C L I M A T E C H A N G E

What is Climate Change?

Climate change is a significant and lasting change in the distribution of weather patterns over periods ranging from decades to millions of years.

Climate change will impact American Samoa through:

  • Higher Air Temperature
  • Higher Sea Temperature
  • Sea Level Rise
  • Coral Bleaching
  • Ocean Acidification
  • Extreme Weather

What is causing climate change?

Human Activities that increase Carbon Dioxide in the atmosphere, including.

  • Burning of fossil fuels
  • Pollution
  • Deforestation

What are we doing?

Through the Territorial Climate Change Adaptation Framework, American Samoa is working to adapt to climate change by:

  • Increasing the knowledge and awareness of climate change.
  • Improving the planning and management of natural resources.
  • Prioritizing actions and collaboration to better adapt to climate change.


PROJECT:

Territorial Integrated Geospatial Framework to enable coordinated planning and response to the emerging threats from climate change impacts, led by the American Samoa Environmental Protection Agency and Department of Commerce

This project will develop a centralized database and geospatial infrastructure which can enable enhanced information exchange, analysis, visualization and utilization to support the Territory’s activities to adapt to a rapidly changing planet. This project supports infrastructure and training to ensure all agencies have access to the most relevant and up to date information for decision making.

Developing a Territorial Climate Change Adaptation Strategy and Implementation Plan, led by, Department of Marine and Wildlife Resources

This project will create a Climate Change Adaptation Strategy, which is essential for identifying and prioritizing immediate actions American Samoa needs to take to best adapt to climate change impacts. The strategy is intended to identify and prioritize management actions to improve adaptive capacity and reduce vulnerability.
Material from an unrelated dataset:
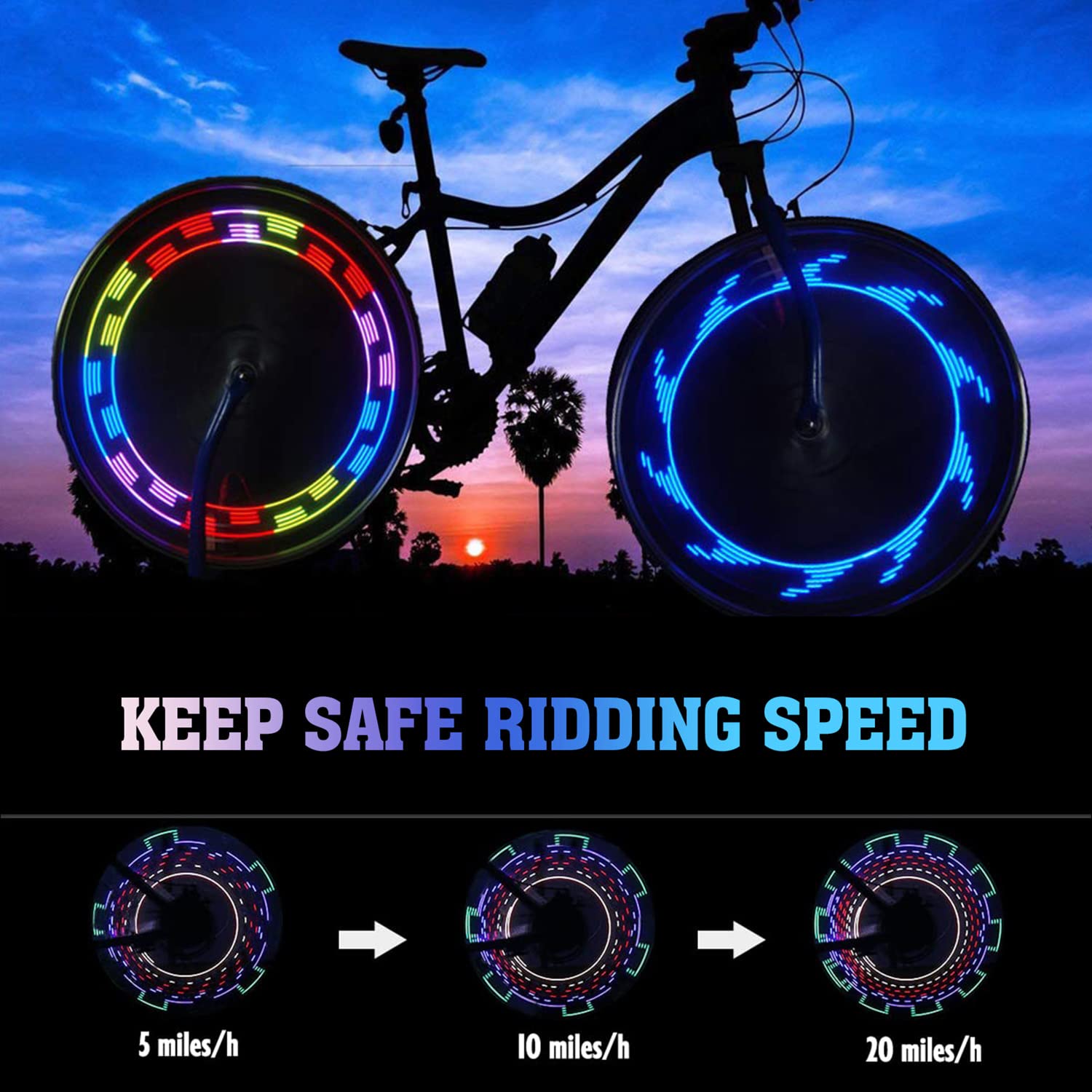 Best Bike Wheel LED Lights for Night Riding - Waterproof & Bright Spoke Lights for Safety - Perfect for Cycling, Commuting, and Outdoor Adventures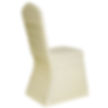 Ivory Ruched Spandex chair cover rental for wedding or party in Grand Rapids, Grand Blanc, Traverse City Michigan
This project includes a Climate Change Adaptation Strategy, creation of a climate change portal and database.

Vulnerability Assessments of Urban Systems and Infrastructure, led by Department of Public Works

Essential urban infrastructure will be increasingly compromised by interrelated climate change impacts. The Territory’s economy and security depend on the resilience of urban infrastructure systems. Of particular relevance to American Samoa are the coastal impacts of climate change such as sea level rise and storm surges which will threaten transportation infrastructure including both temporary and permanent flooding of airports, ports and harbors, and roads. This project proposes to incorporate climate change planning into American Samoa’s adaptation strategy by conducting vulnerability assessments of critical infrastructures in the Territory. The sensitivity to, and exposure of these infrastructure and the adaptive capacities of these systems will be evaluated to help prioritize elements of the Territory’s long-range adaptation plan.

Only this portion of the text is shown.